3 Individual-Level Suicide Prevention

Over the last decades, most of the attention in the field of suicide prevention has been directed towards either improving the ability of clinicians at identifying individuals at high risk of suicide and suicidal behaviors (individual-level suicide risk prediction) or developing and scaling up interventions to reduce the risk of suicide among those at high risk. Notwithstanding, suicide risk prevention remains a largely unmet clinical need. The following section reviews the existing evidence regarding individual-level suicide risk prevention and interventions, discusses main existing challenges, and proposes potential next steps to overcome those challenges.

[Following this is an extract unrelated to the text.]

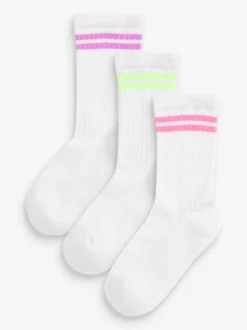 White with fluorescent stripe 3 Pack Cotton Rich Cushioned Sole Ankle Socks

3.1 Individual-Level Suicide Risk Prediction

3.1.1 The Role of Clinical Expertise, Risk Factors, Scales, and Computer Science

In most clinical settings, mental health professionals are in charge of estimating the probability that a patient will attempt suicide in the future in order to inform appropriate clinical decision-making. The clinician’s assessment of a patient’s suicide risk is largely based on a combination of prior clinical expertise and a series of biological, behavioral, and social risk factors (Mann et al. 1999; Brent et al. 1993; Dube et al. 2001; Roy 1982; for a review, see Franklin et al. 2017). In addition, there is a range of available suicide assessment scales to support decision-making in the clinical context (e.g., Posner et al. 2011; Beck et al. 1997; for a review, see Runeson et al. 2017).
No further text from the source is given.